About this exercise -
Setting aside any pictures, reproduce the data exactly.

Information given -
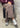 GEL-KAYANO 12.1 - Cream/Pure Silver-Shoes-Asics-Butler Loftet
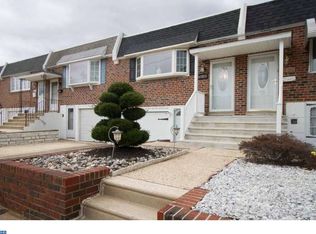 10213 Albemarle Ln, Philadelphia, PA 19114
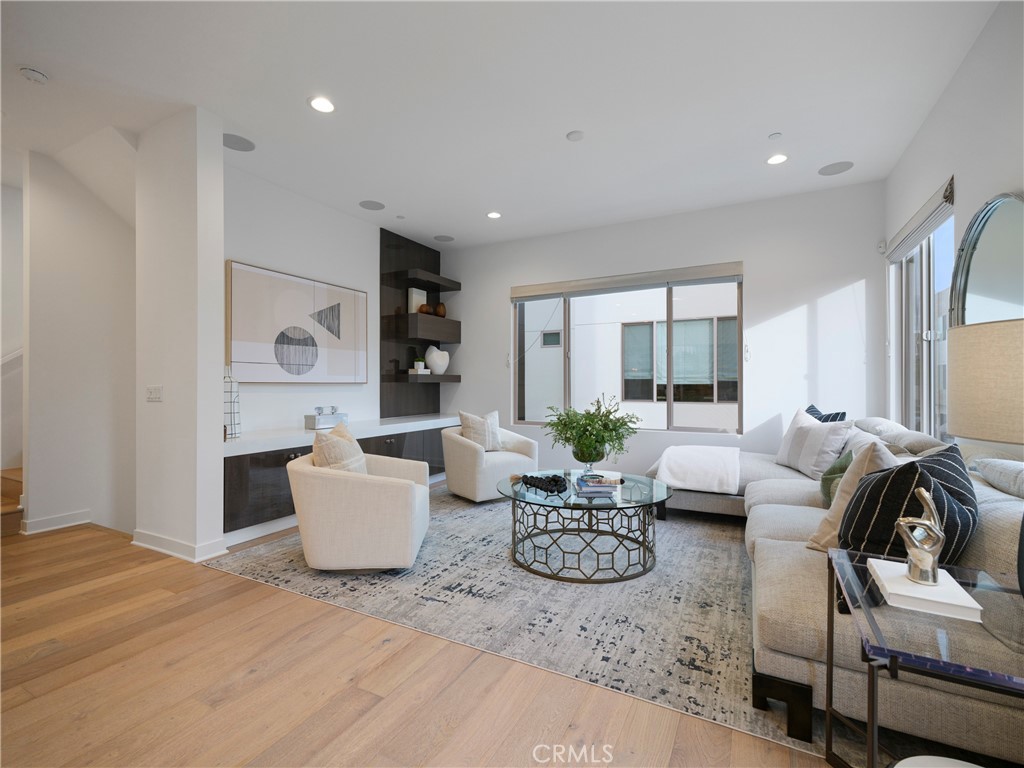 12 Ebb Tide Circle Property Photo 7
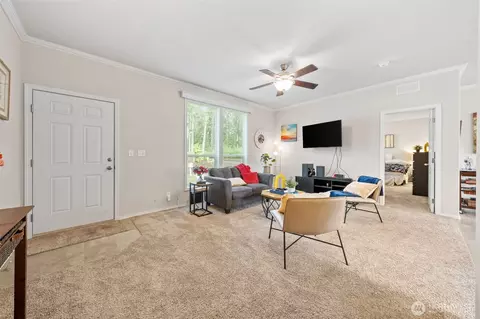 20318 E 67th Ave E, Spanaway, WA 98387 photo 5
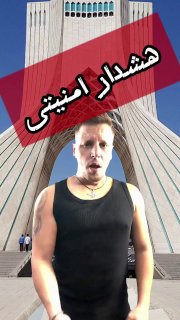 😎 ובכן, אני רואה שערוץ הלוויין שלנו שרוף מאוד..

Result of this task -
 GEL-KAYANO 12.1 - Cream/Pure Silver-Shoes-Asics-Butler Loftet
 10213 Albemarle Ln, Philadelphia, PA 19114
 12 Ebb Tide Circle Property Photo 7
 20318 E 67th Ave E, Spanaway, WA 98387 photo 5
 😎 ובכן, אני רואה שערוץ הלוויין שלנו שרוף מאוד..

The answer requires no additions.